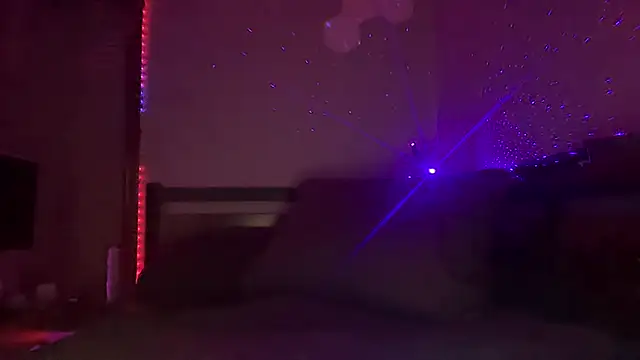 Snapshot of -ChupaBear- chatting on December 30, 3:03 am -ChupaBear- online show from December 30, 3:03 am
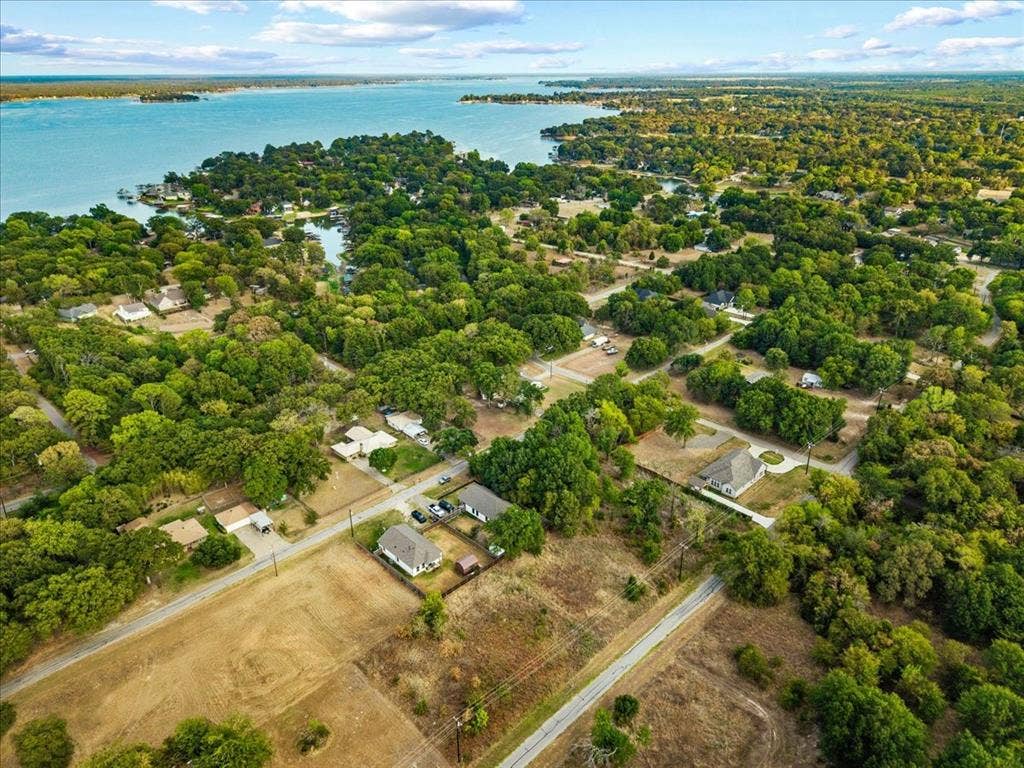 1045 Midway Road, Tool, TX 75143 1045 Midway Road, Tool, TX 75143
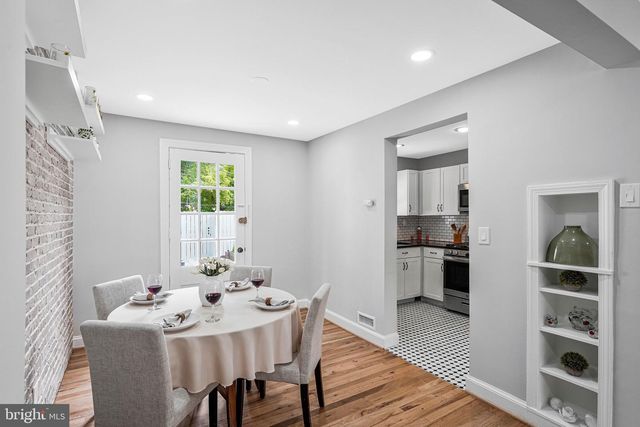 4782 21ST RD N, Arlington, VA 22207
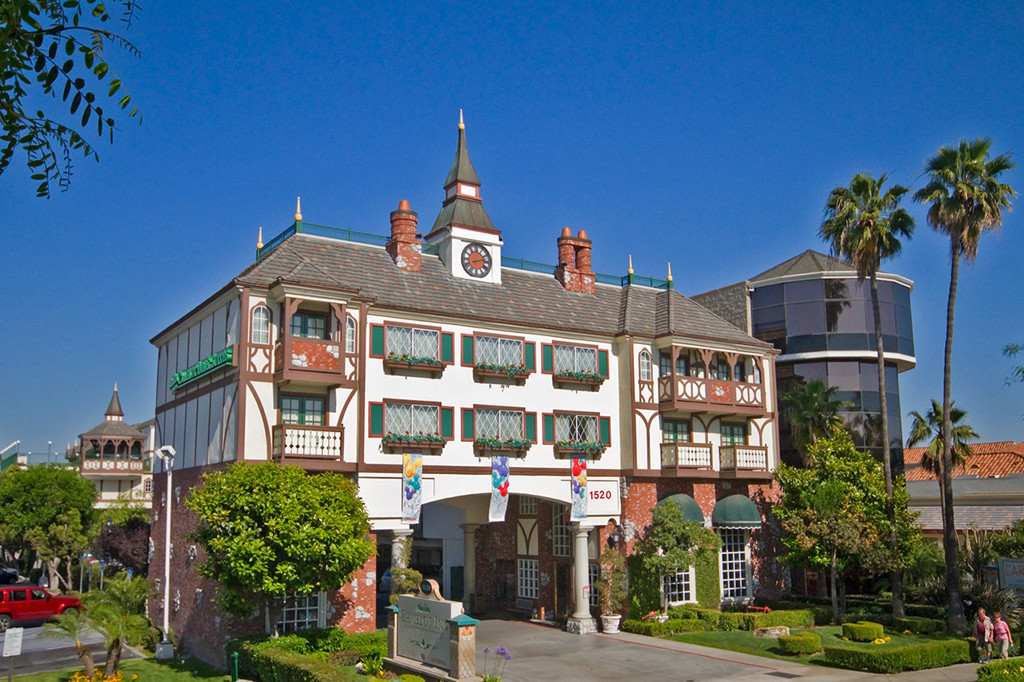 Camelot Inn &amp; Suites exterior facade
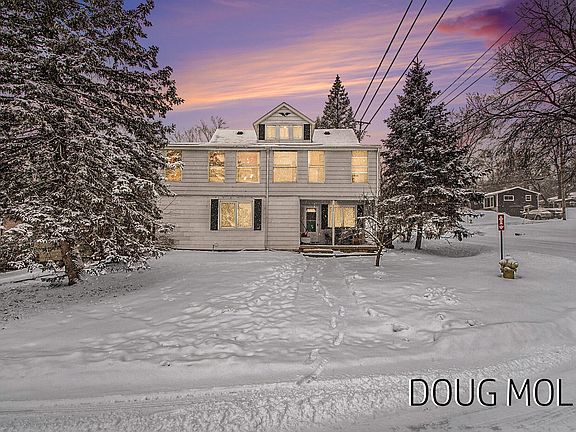 2nd image of 2255 Gaynor Ave NW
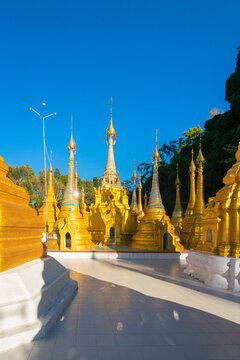 Golden shrines at Shwe Oo Min Pagoda, Kalaw, Shan State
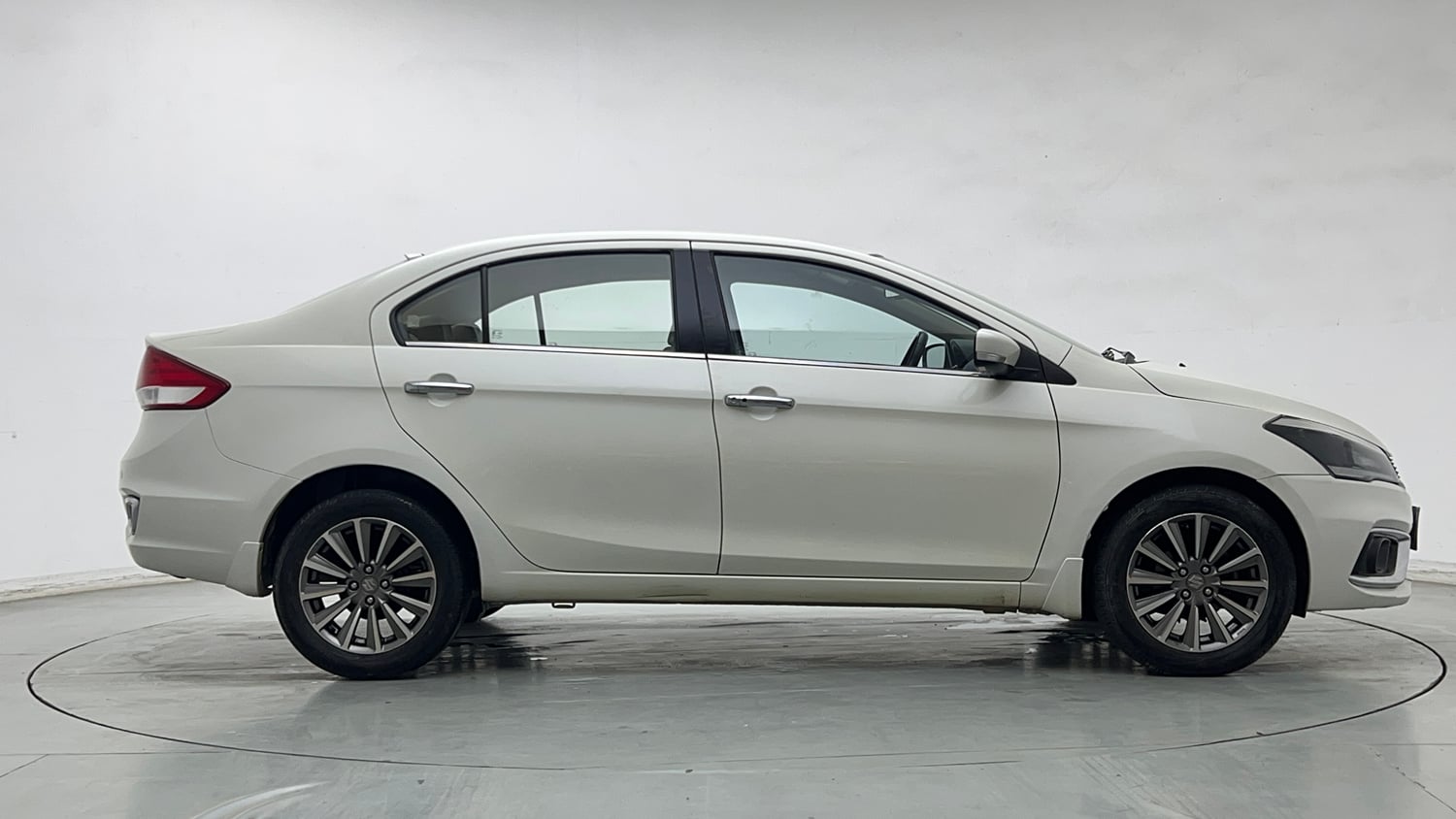 Used 2022 Maruti Suzuki Ciaz Alpha 1.5 AT Petrol Automatic exterior RIGHT SIDE VIEW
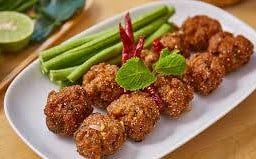 ลาบหมูทอด ไลน์แมน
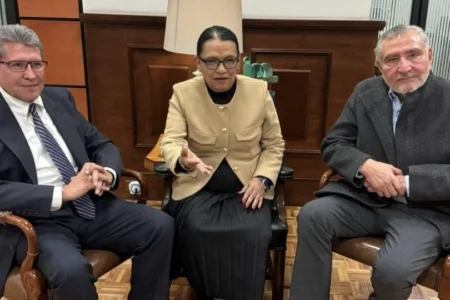 Sheinbaum recibe a coordinadores de Morena tras conflicto en el Congreso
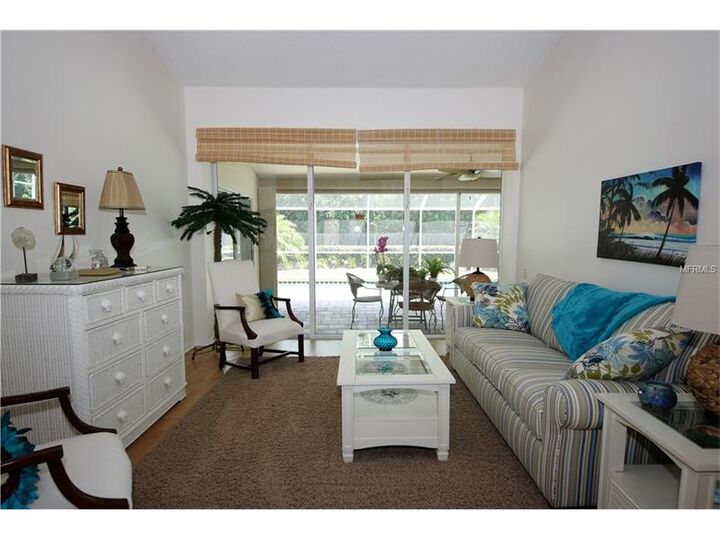 Property Photo:  5018 Southern Pine Circle  FL 34293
※ ※ ※
> _ACTIVITY_
Return the complete material exactly as it appears, without images.

> _RESPONSE_
 Snapshot of -ChupaBear- chatting on December 30, 3:03 am -ChupaBear- online show from December 30, 3:03 am
 1045 Midway Road, Tool, TX 75143 1045 Midway Road, Tool, TX 75143
 4782 21ST RD N, Arlington, VA 22207
 Camelot Inn &amp; Suites exterior facade
 2nd image of 2255 Gaynor Ave NW
 Golden shrines at Shwe Oo Min Pagoda, Kalaw, Shan State
 Used 2022 Maruti Suzuki Ciaz Alpha 1.5 AT Petrol Automatic exterior RIGHT SIDE VIEW
 ลาบหมูทอด ไลน์แมน
 Sheinbaum recibe a coordinadores de Morena tras conflicto en el Congreso
 Property Photo:  5018 Southern Pine Circle  FL 34293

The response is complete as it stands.